Promoter of this deft plan is scrappy, flash-quick Robert Ralph Young (TIME, Dec. 28), whose rambling Alleghany Corp. owns 60% of MOP common and $11,000,000 in 5 1/2% convertible bonds. Usually a rooter for rail debt reduction, Bob Young boiled over when he first saw the ICC plan: Alleghany's huge holdings in MOP common were tossed out entirely, its 5 1/2% bonds were treated almost as badly. When he took another look he got madder still: the big insurance companies (holding the topflight bonds) would control the road.

So Bob Young set out to defeat the ICC plan and thus save his own hide. Campaigner Young's battle cry: the plan is based on the "Dust Bowl" earnings of 1933--it must be changed. Charged tough, senior Bondholder Spokesman John Weiss Stedman: the-arguments are wholly fallacious . . . the proposals "are a tax-avoidance scheme."

First break for Bob Young came when MOP security holders voted on the ICC plan and more than one-third of them turned it down. Meanwhile Young proposed four MOP directors and saw them elected. Then he convinced potent Massachusetts Investors Trust and some of the smaller insurance companies that his plan was best. Lastly he got the unexpected help of the war boom. MOP's net available for dividends soared from a loss of $9,564,000 in 1940 to a record $30,600,000 in 1942. Meanwhile, the once-rickety road was put in tiptop condition, with a whopping $480,000,000 spent for new equipment, repairs and maintenance in 1933-42.

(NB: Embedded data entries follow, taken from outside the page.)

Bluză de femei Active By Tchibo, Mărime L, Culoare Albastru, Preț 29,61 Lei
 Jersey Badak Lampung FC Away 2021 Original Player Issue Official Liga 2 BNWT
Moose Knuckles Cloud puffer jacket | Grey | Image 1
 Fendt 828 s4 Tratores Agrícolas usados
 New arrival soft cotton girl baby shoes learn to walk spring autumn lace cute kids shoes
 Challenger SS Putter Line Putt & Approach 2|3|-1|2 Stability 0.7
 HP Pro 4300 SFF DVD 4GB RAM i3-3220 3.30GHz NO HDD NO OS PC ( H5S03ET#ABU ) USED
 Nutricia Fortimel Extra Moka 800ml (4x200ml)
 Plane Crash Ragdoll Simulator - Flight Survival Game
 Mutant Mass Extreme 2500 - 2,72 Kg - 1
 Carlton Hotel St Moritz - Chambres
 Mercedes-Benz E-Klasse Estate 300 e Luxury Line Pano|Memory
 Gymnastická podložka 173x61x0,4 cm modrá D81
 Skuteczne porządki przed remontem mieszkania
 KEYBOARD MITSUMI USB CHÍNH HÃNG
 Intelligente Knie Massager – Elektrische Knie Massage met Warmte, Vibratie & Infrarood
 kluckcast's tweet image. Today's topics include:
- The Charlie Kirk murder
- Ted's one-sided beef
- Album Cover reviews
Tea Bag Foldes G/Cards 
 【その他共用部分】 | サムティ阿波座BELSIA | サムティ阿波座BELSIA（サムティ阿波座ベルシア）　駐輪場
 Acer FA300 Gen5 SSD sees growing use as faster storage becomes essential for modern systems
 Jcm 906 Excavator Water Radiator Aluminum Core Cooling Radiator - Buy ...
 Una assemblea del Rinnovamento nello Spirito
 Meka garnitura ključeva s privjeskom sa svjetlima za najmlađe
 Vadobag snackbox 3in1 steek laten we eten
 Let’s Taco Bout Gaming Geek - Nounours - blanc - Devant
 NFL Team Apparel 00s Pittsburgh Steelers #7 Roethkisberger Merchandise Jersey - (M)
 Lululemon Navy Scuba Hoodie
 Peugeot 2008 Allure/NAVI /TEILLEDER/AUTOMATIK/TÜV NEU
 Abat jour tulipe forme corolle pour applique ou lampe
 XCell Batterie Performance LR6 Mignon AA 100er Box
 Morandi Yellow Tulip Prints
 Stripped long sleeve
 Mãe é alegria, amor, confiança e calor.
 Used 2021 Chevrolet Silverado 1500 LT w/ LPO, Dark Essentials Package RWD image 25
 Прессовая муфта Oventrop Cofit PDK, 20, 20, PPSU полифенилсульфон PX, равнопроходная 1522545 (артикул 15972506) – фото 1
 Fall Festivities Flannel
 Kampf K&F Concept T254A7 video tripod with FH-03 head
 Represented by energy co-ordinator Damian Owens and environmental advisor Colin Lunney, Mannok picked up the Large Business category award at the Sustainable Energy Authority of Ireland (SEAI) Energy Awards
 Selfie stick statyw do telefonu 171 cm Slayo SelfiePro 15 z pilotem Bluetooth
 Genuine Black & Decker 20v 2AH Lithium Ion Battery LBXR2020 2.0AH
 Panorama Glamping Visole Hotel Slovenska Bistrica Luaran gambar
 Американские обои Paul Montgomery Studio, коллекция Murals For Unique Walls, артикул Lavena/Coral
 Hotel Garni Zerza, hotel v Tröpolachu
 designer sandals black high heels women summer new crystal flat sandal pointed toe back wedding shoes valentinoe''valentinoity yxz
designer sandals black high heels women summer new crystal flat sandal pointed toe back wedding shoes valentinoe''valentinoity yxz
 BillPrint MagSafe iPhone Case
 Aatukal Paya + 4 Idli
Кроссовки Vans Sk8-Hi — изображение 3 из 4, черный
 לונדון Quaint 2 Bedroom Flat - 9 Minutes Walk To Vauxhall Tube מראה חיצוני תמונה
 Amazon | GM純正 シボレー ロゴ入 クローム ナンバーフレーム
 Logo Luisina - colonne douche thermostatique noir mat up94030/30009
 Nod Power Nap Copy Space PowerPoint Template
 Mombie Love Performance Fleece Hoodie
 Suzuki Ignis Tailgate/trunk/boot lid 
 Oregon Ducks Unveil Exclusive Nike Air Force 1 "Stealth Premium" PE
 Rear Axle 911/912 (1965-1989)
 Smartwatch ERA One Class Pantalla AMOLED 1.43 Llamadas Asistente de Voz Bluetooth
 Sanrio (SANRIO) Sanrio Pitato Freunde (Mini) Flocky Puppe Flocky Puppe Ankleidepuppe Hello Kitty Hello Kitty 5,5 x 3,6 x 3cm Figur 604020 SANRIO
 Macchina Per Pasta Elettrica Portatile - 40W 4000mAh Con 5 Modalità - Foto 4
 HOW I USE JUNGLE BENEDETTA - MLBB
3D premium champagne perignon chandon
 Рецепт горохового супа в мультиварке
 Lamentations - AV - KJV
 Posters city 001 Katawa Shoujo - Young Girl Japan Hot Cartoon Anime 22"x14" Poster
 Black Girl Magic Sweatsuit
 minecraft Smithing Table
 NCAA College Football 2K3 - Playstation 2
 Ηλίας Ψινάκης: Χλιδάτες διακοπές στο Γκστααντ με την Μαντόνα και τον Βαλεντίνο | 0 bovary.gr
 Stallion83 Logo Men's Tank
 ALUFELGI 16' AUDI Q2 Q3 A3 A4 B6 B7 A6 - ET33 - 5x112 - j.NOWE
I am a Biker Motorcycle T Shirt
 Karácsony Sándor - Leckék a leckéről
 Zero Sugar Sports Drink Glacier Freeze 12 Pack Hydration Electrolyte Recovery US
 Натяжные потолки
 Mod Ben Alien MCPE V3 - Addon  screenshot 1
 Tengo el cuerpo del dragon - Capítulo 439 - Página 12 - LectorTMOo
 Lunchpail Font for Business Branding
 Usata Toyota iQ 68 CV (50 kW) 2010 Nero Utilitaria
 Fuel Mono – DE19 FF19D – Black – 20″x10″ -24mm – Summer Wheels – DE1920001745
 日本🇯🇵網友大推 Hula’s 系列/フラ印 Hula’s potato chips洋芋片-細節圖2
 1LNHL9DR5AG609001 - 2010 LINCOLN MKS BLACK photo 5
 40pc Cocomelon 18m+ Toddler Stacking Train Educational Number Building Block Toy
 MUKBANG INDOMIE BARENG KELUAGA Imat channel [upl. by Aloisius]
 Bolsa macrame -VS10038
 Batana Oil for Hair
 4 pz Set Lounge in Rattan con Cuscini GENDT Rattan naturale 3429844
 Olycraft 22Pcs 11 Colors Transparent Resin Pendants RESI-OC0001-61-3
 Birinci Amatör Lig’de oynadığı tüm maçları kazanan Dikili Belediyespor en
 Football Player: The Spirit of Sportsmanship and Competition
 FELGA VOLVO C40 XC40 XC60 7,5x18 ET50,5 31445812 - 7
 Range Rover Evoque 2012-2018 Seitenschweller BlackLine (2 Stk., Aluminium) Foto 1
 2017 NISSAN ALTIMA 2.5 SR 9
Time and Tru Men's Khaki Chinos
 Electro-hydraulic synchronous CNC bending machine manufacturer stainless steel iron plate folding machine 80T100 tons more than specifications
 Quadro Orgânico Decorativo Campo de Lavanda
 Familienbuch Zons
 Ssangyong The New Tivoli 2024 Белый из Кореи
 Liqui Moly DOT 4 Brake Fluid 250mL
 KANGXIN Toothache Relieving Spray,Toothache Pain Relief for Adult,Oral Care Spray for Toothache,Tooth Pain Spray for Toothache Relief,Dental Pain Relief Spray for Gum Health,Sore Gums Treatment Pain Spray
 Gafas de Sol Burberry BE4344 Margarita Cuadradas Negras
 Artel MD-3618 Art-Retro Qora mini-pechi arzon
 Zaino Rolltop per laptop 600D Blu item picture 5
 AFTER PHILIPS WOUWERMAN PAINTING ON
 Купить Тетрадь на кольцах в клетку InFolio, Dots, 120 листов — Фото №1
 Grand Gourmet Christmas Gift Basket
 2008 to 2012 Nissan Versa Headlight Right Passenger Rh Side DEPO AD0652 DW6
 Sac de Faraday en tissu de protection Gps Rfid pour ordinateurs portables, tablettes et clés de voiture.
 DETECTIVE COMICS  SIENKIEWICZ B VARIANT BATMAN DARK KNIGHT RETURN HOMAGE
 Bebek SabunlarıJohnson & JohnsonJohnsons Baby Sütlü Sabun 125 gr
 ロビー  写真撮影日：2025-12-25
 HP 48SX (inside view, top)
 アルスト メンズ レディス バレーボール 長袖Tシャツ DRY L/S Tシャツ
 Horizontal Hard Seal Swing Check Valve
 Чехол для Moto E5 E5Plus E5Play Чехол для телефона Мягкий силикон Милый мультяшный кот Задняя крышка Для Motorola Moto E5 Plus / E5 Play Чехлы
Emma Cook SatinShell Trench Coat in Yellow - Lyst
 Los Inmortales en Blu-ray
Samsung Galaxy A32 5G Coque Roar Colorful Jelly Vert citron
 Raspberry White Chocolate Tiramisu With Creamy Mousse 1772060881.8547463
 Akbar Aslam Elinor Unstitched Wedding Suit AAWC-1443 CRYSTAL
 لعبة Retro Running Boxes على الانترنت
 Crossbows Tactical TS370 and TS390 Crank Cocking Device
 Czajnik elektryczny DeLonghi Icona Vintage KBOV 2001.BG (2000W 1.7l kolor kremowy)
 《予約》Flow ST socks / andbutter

Biggest criticism of Bob Young's plan is that too much reliance may have been placed on present high-tide war earnings. If MOP profits fall drastically in peacetime, the road may find itself in worse shape than if the ICC plan had been followed to the letter. But this week Wall Streeters figured the Young plan was going through--in heavy trading the junior bonds hit $80 each v. last year's low of $7.50.